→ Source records
◆ ◆ ◆ ◆ ◆ ◆ ◆
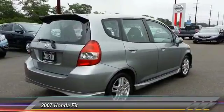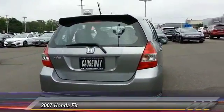This vehicle has less than 95,000 miles. Here are some of this vehicle's great options.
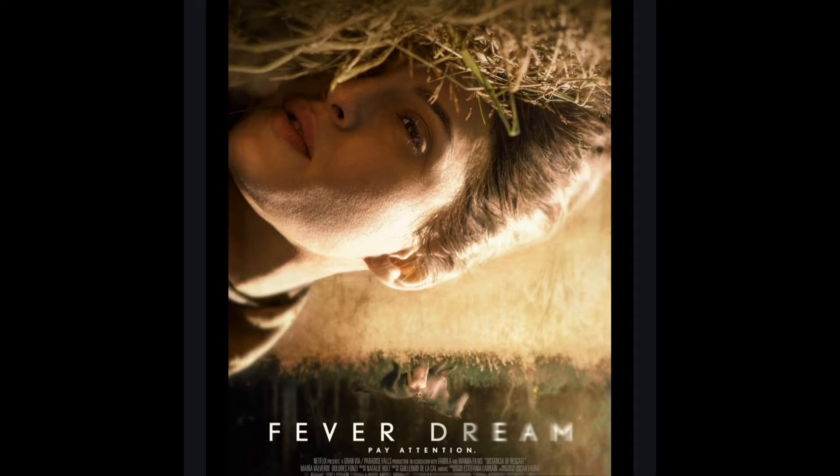The movie we're discussing today is the recently released Netflix mystery thriller horror drama Fever Dream. It is a Spanish-language film from Argentina, written by Claudia Llosa and Samantha Schweblin, based on Samantha Schweblin's novella Rescue Distance, directed by Claudia Llosa, and starring María Valverde, Dolores Fonzi, Guillermo Pfening, Germán Palacios, Emilia Vatanovi, and Guillermina Sorribes Liotta.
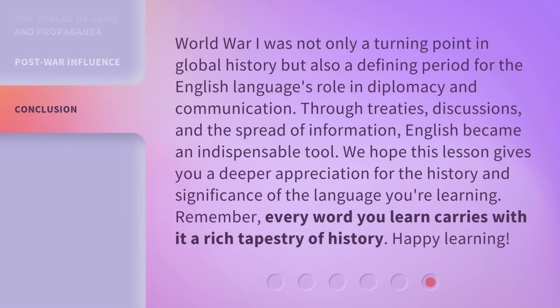World War I was not only a turning point in global history, but also a defining period for the English language's role in diplomacy and communication. Through treaties, discussions, and the spread of information, English became an indispensable tool. We hope this lesson gives you a deeper appreciation for the history and significance of the language you're learning. Remember, every word you learn carries with it a rich tapestry of history. Happy learning!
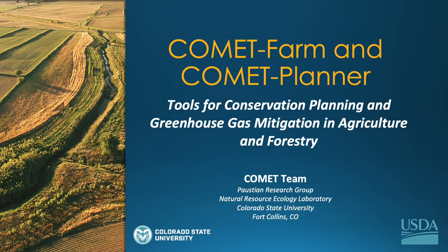Today we're going to begin an introductory video for the tools for conservation planning and greenhouse gas mitigation in agriculture and forestry, specifically looking at the Comet Farm and Comet Planner tools. My name is Haley Nagel and I'm an outreach and education specialist at Colorado State University at the Natural Resource Ecology Lab. I work in the research group led by Dr. Keith Pauschen.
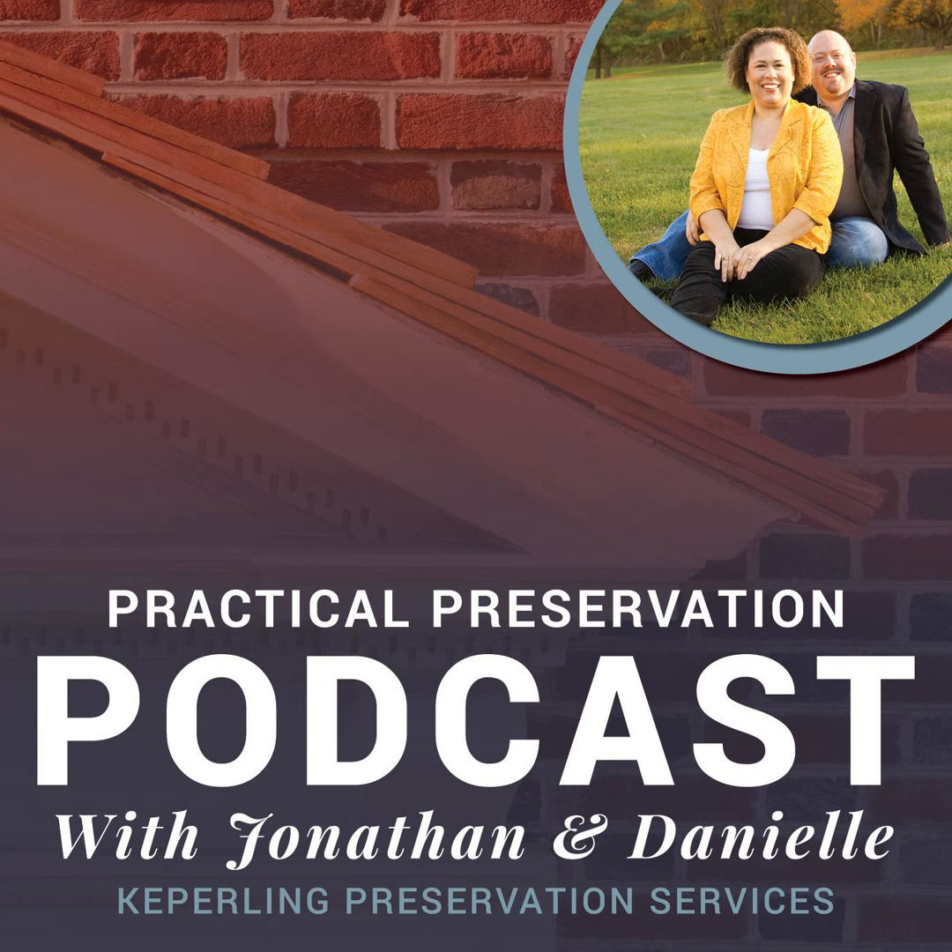Thanks for listening to the Practical Preservation Podcast. The resources discussed during this episode are on our website at practicalpreservationservices.com/podcast. If you received value from this episode and know someone else that will get value from it as well, please share it with them. Join us next week for another episode of the Practical Preservation Podcast. For more information on restoring your historic home, visit practicalpreservationservices.com.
◆ ◆ ◆ ◆ ◆ ◆ ◆
→ Task
For this exercise, copy the entries above exactly and skip any picture.

→ Your solution
This vehicle has less than 95,000 miles. Here are some of this vehicle's great options.
The movie we're discussing today is the recently released Netflix mystery thriller horror drama Fever Dream. It is a Spanish-language film from Argentina, written by Claudia Llosa and Samantha Schweblin, based on Samantha Schweblin's novella Rescue Distance, directed by Claudia Llosa, and starring María Valverde, Dolores Fonzi, Guillermo Pfening, Germán Palacios, Emilia Vatanovi, and Guillermina Sorribes Liotta.
World War I was not only a turning point in global history, but also a defining period for the English language's role in diplomacy and communication. Through treaties, discussions, and the spread of information, English became an indispensable tool. We hope this lesson gives you a deeper appreciation for the history and significance of the language you're learning. Remember, every word you learn carries with it a rich tapestry of history. Happy learning!
Today we're going to begin an introductory video for the tools for conservation planning and greenhouse gas mitigation in agriculture and forestry, specifically looking at the Comet Farm and Comet Planner tools. My name is Haley Nagel and I'm an outreach and education specialist at Colorado State University at the Natural Resource Ecology Lab. I work in the research group led by Dr. Keith Pauschen.
Thanks for listening to the Practical Preservation Podcast. The resources discussed during this episode are on our website at practicalpreservationservices.com/podcast. If you received value from this episode and know someone else that will get value from it as well, please share it with them. Join us next week for another episode of the Practical Preservation Podcast. For more information on restoring your historic home, visit practicalpreservationservices.com.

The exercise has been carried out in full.